The last class is much larger than the rest. It is a special class for nearly identical edges in constant image regions; these are excluded from the submodular discount since they do not form boundaries.
Let's compare Cooperative Cut and Graph Cut segmentations. Cooperative Cut's boundary energy is a sum of thresholded submodular functions while Graph Cut's boundary is a sum and so fully modular. The boundary energy can be made fully submodular by relaxing the thresholds completely so that every edge is discounted in a "Submodular Cut."
In [6]:
# segment by coopcut, graphcut (full modular cut), and full submodular cut
ig.setClasses(edge_cluster_classes, 8)
ig.setUnaries(fg_un, bg_un)
label_im, cc_cost, cc_cut = pycoop.segment(ig, lambda_=2.5, theta=0.01, max_iter=12)
result_cc = np.ones_like(im)
result_cc[label_im] = im[label_im]*255
subplot(1,3,1)
title('coop cut')
imshow(result_cc)
label_im, cost, cut = pycoop.segment(ig, lambda_=2.5, theta=1, max_iter=12)
result_gc = np.ones_like(im)
result_gc[label_im] = im[label_im]*255
subplot(1,3,2)
title('graph cut')
imshow(result_gc)
label_im, cost, cut = pycoop.segment(ig, lambda_=2.5, theta=-1, max_iter=12)
result_submod = np.ones_like(im)
result_submod[label_im] = im[label_im]*255
subplot(1,3,3)
title('submod cut')
imshow(result_submod)
Out[6]:
Cooperative Cut regularizes away the background regions while retaining the fine structures. Graph Cut is susceptible to the shortcut bias in this instance. Submodular Cut shows the importance of thresholding the discount functions: without thresholds, the boundary is over-discounted so that nearly any arrangement yields a low energy.

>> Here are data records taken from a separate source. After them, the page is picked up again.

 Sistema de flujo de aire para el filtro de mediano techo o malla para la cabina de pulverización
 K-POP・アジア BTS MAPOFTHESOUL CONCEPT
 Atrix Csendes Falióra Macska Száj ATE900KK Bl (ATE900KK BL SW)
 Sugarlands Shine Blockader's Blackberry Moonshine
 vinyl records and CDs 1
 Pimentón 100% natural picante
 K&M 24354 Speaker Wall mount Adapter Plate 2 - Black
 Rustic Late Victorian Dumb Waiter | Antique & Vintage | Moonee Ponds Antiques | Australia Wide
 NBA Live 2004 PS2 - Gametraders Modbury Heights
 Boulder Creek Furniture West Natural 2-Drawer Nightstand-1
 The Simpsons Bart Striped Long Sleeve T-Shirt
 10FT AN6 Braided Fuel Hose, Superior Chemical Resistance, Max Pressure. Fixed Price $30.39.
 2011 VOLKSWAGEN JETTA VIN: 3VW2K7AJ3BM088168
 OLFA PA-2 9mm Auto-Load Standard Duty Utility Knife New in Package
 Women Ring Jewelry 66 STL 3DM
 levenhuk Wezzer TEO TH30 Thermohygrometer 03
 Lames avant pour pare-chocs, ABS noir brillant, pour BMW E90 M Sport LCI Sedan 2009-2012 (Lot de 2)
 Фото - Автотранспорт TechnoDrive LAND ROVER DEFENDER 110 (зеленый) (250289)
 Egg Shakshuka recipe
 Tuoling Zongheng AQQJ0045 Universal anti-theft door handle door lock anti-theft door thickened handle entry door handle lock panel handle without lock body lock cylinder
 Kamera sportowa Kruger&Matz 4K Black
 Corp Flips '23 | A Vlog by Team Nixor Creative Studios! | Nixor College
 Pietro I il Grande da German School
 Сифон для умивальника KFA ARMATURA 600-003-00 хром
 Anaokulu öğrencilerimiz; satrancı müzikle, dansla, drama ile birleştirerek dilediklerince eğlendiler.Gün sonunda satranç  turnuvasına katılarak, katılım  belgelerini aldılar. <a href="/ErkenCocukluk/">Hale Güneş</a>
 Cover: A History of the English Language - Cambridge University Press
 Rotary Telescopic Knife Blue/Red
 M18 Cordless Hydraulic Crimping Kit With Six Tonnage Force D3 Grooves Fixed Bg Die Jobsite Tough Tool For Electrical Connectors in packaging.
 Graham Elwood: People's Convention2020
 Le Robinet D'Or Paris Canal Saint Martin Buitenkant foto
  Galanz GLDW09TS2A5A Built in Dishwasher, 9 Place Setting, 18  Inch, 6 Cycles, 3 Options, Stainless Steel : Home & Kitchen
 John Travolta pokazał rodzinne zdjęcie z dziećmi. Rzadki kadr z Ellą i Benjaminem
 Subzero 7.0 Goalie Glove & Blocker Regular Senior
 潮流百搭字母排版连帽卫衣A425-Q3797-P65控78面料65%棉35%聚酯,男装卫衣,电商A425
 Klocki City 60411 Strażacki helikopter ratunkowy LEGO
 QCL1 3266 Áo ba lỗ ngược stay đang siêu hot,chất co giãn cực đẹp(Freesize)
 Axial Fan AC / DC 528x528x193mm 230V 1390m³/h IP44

lambda_ controls the regularization strength as the coefficient on the boundary term in the energy.theta is the difference threshold for "identical" edges s.t. these edges are never discounted. For no discounting i.e. Graph Cut, set this to 1. For discounting of all edges, set this to -1.max_iter limits the number of iterations of the approximate inference routine. In practice it converges in $\sim$ 3-6 iterations.Experiment with the parameters and try this example on your own image and marks!